Eso sí, la Iglesia no le propone a la ciencia que se haga religión ni a la religión que se haga ciencia; ni la necesidad humana de buscar el sentido último avala, por ejemplo, que se manipulen las verdades de fe o los textos sagrados para convertirlos en libros de astronomía, geología o biología. Juan Pablo II dijo ante la Academia Pontificia de las Ciencias: «La Biblia nos habla del origen y naturaleza del universo, no para proveernos de un tratado científico, sino para establecer las relaciones correctas del hombre con Dios y con el universo. Las Sagradas Escrituras simplemente declaran que el mundo fue creado por Dios y con el propósito de enseñar tal verdad el autor sagrado se expresa con términos de la cosmología de su época. […] Cualquier otra enseñanza sobre el origen y la naturaleza del universo es ajena a la intención de la Biblia, la cual no desea enseñar cómo se creó el cielo sino cómo se puede llegar a él».
Pero no hay que olvidar la otra vertiente del asunto, a saber, la nefasta exclusión de la validez de todo conocimiento que no venga de las ciencias empíricas o la extrapolación de los resultados de las investigaciones de esas ciencias como explicación última de la realidad, saltando ilegítimamente las fronteras del conocimiento. Así lo explican algunas de las muchas palabras del profesor Ayala sobre esa cuestión: «Si el compromiso de la ciencia con el naturalismo no le permite derivar valores, significados o propósitos desde el conocimiento científico, tampoco le permite negar su existencia». Desde esa firme convicción, siempre combatió los fundamentalismos, sean religiosos (creacionismos), sean científicos (cientifismos y el denominado ateísmo científico). Unos y otros, en el fondo, caen en el mismo error de confundir los respectivos ámbitos y epistemologías, operando con un concepto reduccionista de verdad. También nos ayudó a ver que, si los interrogantes de dónde venimos y a dónde vamos —los que afrontan la religión y la filosofía—, no encuentran lugar en el espacio de la razón, se acaban desplazando al terreno de lo subjetivo o de lo sectario, volviéndose dañinos, porque se pueden corromper y porque se le priva a la sabiduría humana de su aportación.

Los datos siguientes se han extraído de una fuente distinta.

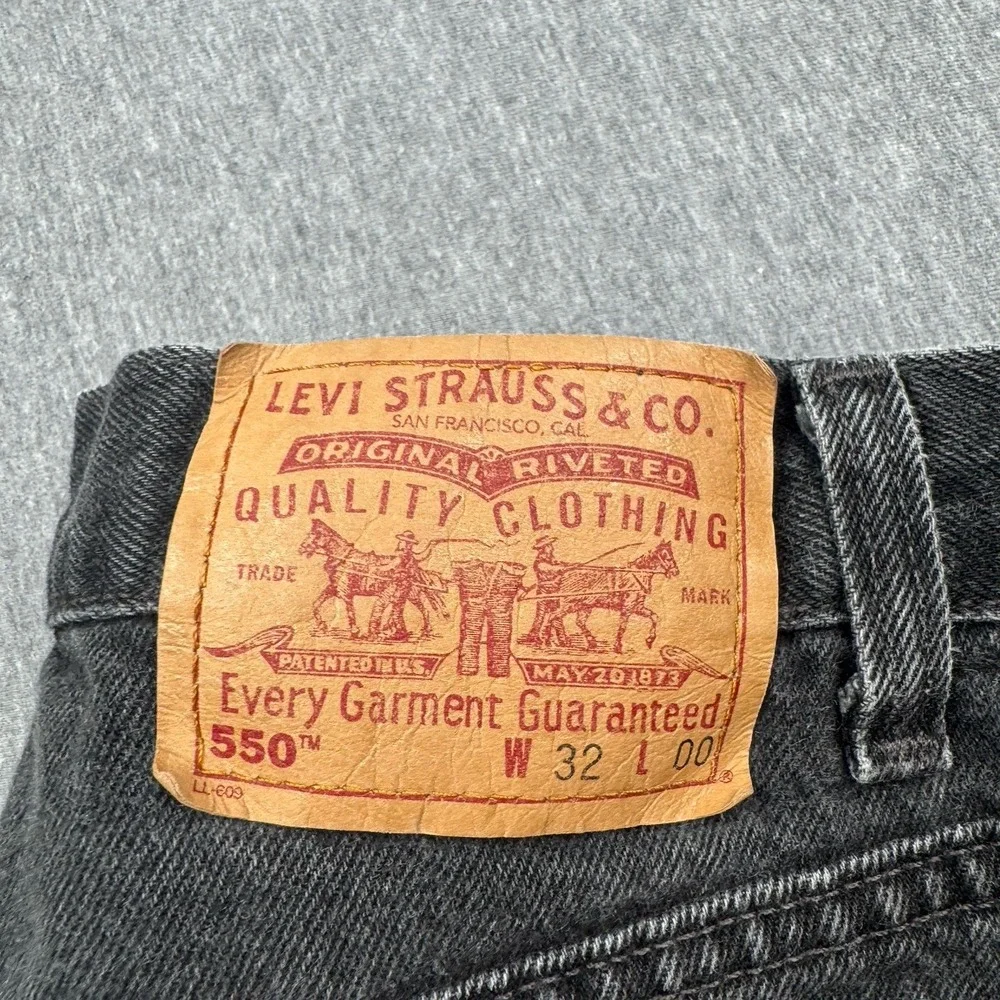 Levi's 550 Denim Shorts Men's 32 *Fit 30* Black 7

Frente a esos desplazamientos, trampolín para saltar al nihilismo, estamos llamados a provocar la cuestión por la verdad en sentido pleno y a redescubrir constantemente la amplitud de la razón y la necesidad del diálogo interdisciplinar, toda vez que las ciencias proporcionan verdades imprescindibles que interpretan el mundo en sus áreas de conocimiento, pero parciales, pues ninguna de ellas nos entrega el último sentido de la realidad que ansiamos conocer.
El profesor Ayala fue un gran creador de puentes para el encuentro de la ciencia y la fe. Aquí, con mi homenaje, va un sentido agradecimiento a Dios por su vida y su obra. Descanse en paz.